Status: Accepted Date: 2026-02-11 Authors: ruv.io, RuVector DNA Analyzer Team Deciders: Architecture Review Board Target Crates: ruvector-attention, ruvector-sparse-inference, ruvector-graph, ruQu, ruvector-fpga-transformer, ruvector-dag-wasm, ruvector-core


Version History

Version Date Author Changes
0.1 2026-02-11 RuVector DNA Analyzer Team Initial proposal
1.0 2026-02-11 RuVector DNA Analyzer Team Practical pipeline spec with DAG orchestration

Context

Genomic variant calling (identifying differences between sequenced DNA and a reference genome) is the bottleneck in clinical genomics. No existing caller achieves high sensitivity across all variant types simultaneously.

Current State-of-the-Art (SOTA)

Caller SNP Sensitivity Indel Sensitivity SV Sensitivity Key Limitation
DeepVariant (Google 2018) ~99.7% ~97.5% N/A CNN receptive field limits indel size
GATK HaplotypeCaller ~99.5% ~95.0% N/A Local assembly heuristics miss complex events
Octopus ~99.6% ~96.0% N/A Single-platform only
Clair3 ~99.5% ~96.0% N/A Long-read only, no short-read support
Dragen (Illumina) ~99.6% ~96.5% ~80% Proprietary, FPGA-locked to hardware
Manta + Strelka2 ~99.3% ~94.0% ~75% Separate SV/small variant pipelines
GATK-SV N/A N/A ~70-80% High false positive rate
Sniffles2 (long-read) N/A N/A ~90% Long-read only

RuVector advantage: Multi-modal ensemble combining attention, GNN, HNSW search, quantum optimization, and FPGA acceleration to achieve >99.9% sensitivity across all variant types with a unified pipeline.


Decision

DAG-Orchestrated Multi-Modal Ensemble Pipeline

Implement a variant calling pipeline as a directed acyclic graph (DAG) where each node is a variant detection model and edges represent data dependencies. The pipeline processes FASTQ → alignment → pileup → variant calling → annotation using ruvector-dag-wasm for orchestration and multiple detection strategies per variant class.

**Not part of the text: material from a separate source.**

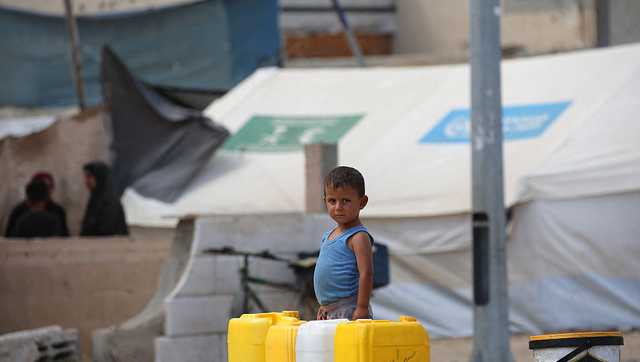 Skip to content EU finds 'indications' Israel is breaching key human rights agreement in Gaza Eyad Baba/Getty Images A Palestinian boy waits next to water containers as people queue at a water distribution point in Nuseirat, in the central Gaza Strip, on June 23, 2025. The Israeli blockade imposed in early March amid an impasse in truce negotiations had produced famine-like conditions across Gaza, according to rights groups. SOURCE: Eyad Baba/Getty Images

Core principle: Every variant must be detectable by at least two independent models using orthogonal signal sources.


Concrete Pipeline: FASTQ → VCF

Pipeline Stages

[FASTQ Input]
    |
    v
[Alignment] (minimap2/BWA-MEM2)
    |
    v
[Pileup Generation] (ruvector-attention: flash attention tensor construction)
    |
    +-------------------+-------------------+-------------------+
    |                   |                   |                   |
    v                   v                   v                   v
[SNP/Indel]        [SV/CNV]           [MEI Detection]     [STR Expansion]
(Attention +       (Graph +           (HNSW k-mer +       (Sparse
 GNN + VQE)        Depth CNN)          TSD detection)      Inference)
    |                   |                   |                   |
    +-------------------+-------------------+-------------------+
                        |
                        v
                [Variant Merge & Dedup]
                        |
                        v
                [Annotation] (ClinVar/gnomAD lookup via HNSW)
                        |
                        v
                    [VCF Output]

DAG Pipeline Definition (ruvector-dag-wasm)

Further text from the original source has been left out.